Despite winning the first set in some style, Murray succumbed 2-6, 6-1, 6-2, 6-4 as Djokovic became the first man since Rod Laver in 1969 to hold all four slams at the same time. It was also the 12th major title of the Serbian’s career.
The 29-year-old is only the eighth man in history to win all four slams and has remainded on course to match Laver’s achievement of winning all four in a calendar year, having triumphed at the Australian Open in January.
“This is Novak’s day and what he has achieved in the last 12 months is phenomenal. Winning all four of the grand slams in one year is an amazing achievement,” said Murray.

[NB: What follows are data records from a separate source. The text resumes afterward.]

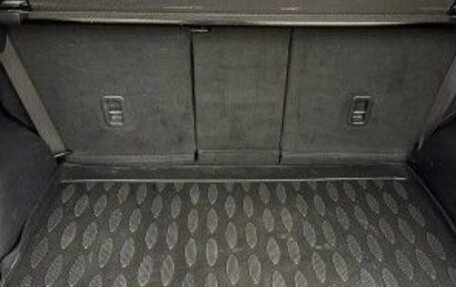 Mazda CX-5 II, 2012 год, 1 450 000 рублей, 10 фотография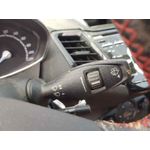 Mando Luces Y Limpia para Ford Fiesta (Ccn)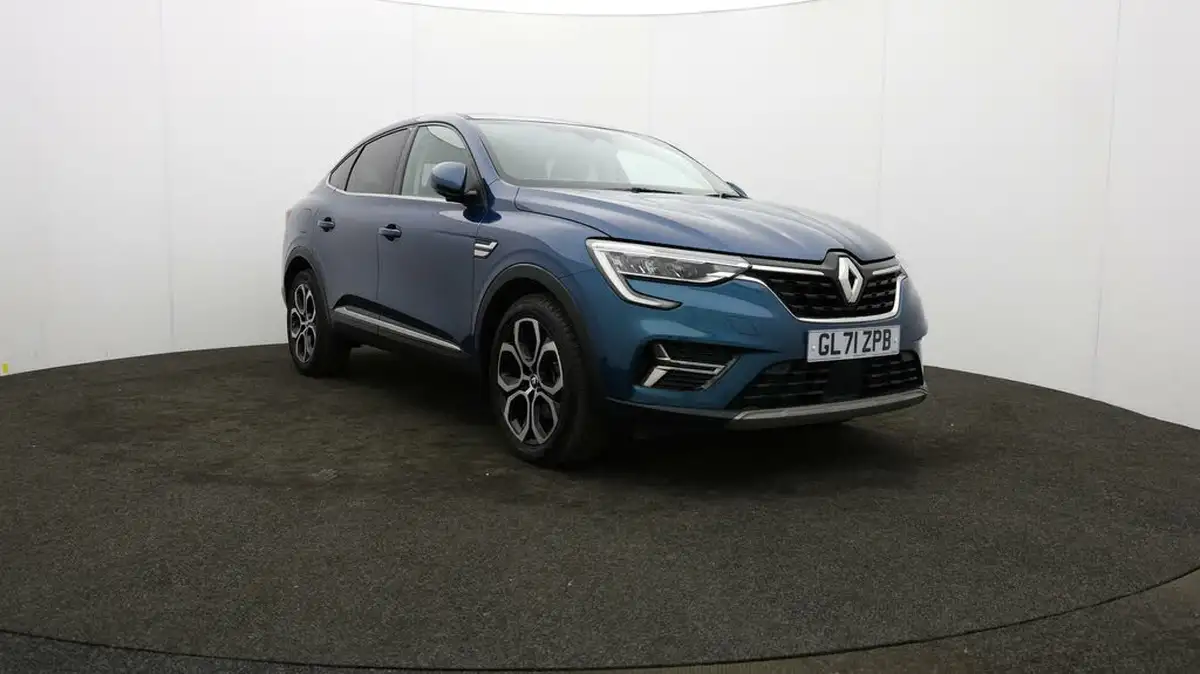 2022-renault-arkana-16-s-edition-big-40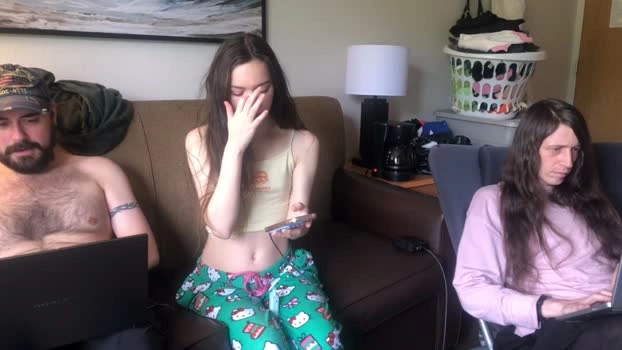 manicpixiedreamfrog 22-05-2026 HD skinny lush Nude kiss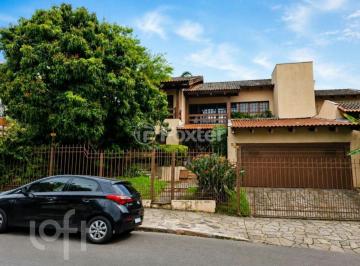 a63b03b3 · Casa, 3 dormitórios, 417.66 m², em Vila João Pessoa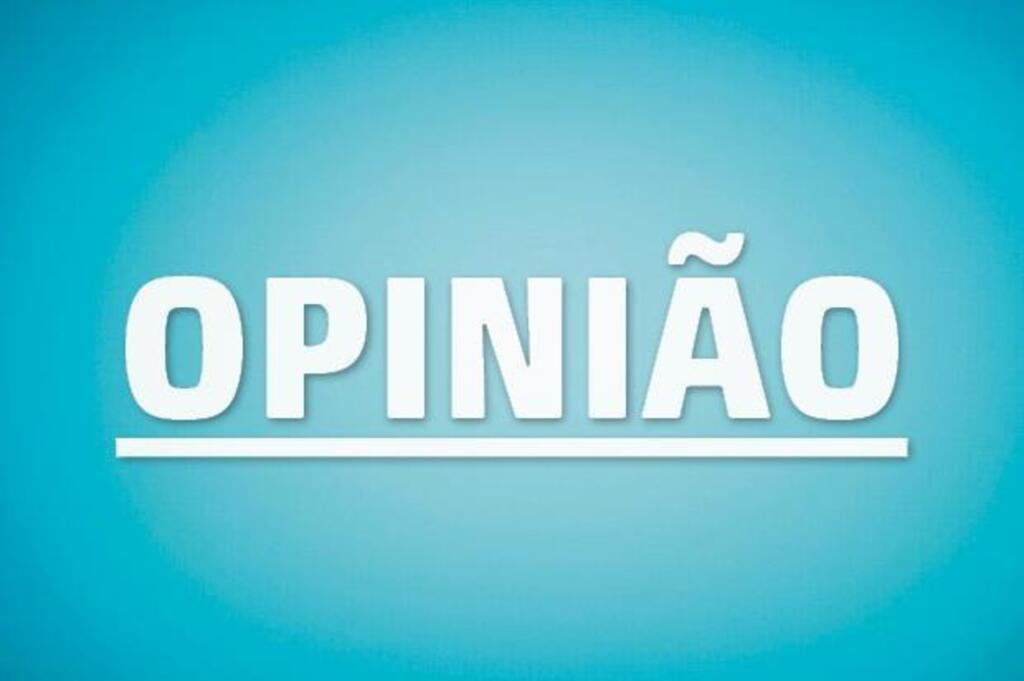 OPINIÃO: A Promessa se faz nova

“It’s not happened for an extremely long time and it’s going to take a long time for it to happen again. Everyone who came here to watch is extremely lucky to see it.
“For me, being on the opposite side it sucks to lose the match, but I’m proud to have been a part of today. Congratulations to Novak.”
Top seed Djokovic, who is the second oldest man in history to complete the career grand slam, celebrated victory by emulating three-time champion Gustavo Kuerten by drawing a heart in the clay with his racquet.
“It’s a very special moment, the biggest of my career,” said Djokovic. “I felt today something that I never felt before at Roland Garros, I felt the love of the crowd.
“I drew the heart on the court, like Guga [Gustavo Kuerten], which he gave me permission to do. My heart will always be with you on this court.”
Murray was the first British man in 79 years to reach the final at Roland Garros, although the Scot’s eighth grand slam final defeat meant the wait for a winner – Fred Perry was the last to achieve such a feat in 1936 – goes on.
Five of those losses in a final have now come against Djokovic, but Murray hinted at a more prosperous outcome this time around by reeling off victories in four consecutive games in a composed first set.
Murray had never lost a match at Roland Garros having won the set but things unravelled after failing to convert a break point in the first game of the second. Djokovic then assumed control with devastating effect.
Djokovic, who has now won 13 of the duo’s past 15 meetings, continued to press and refused to relinquish any command on proceedings, while any fleeting Murray resistance withered.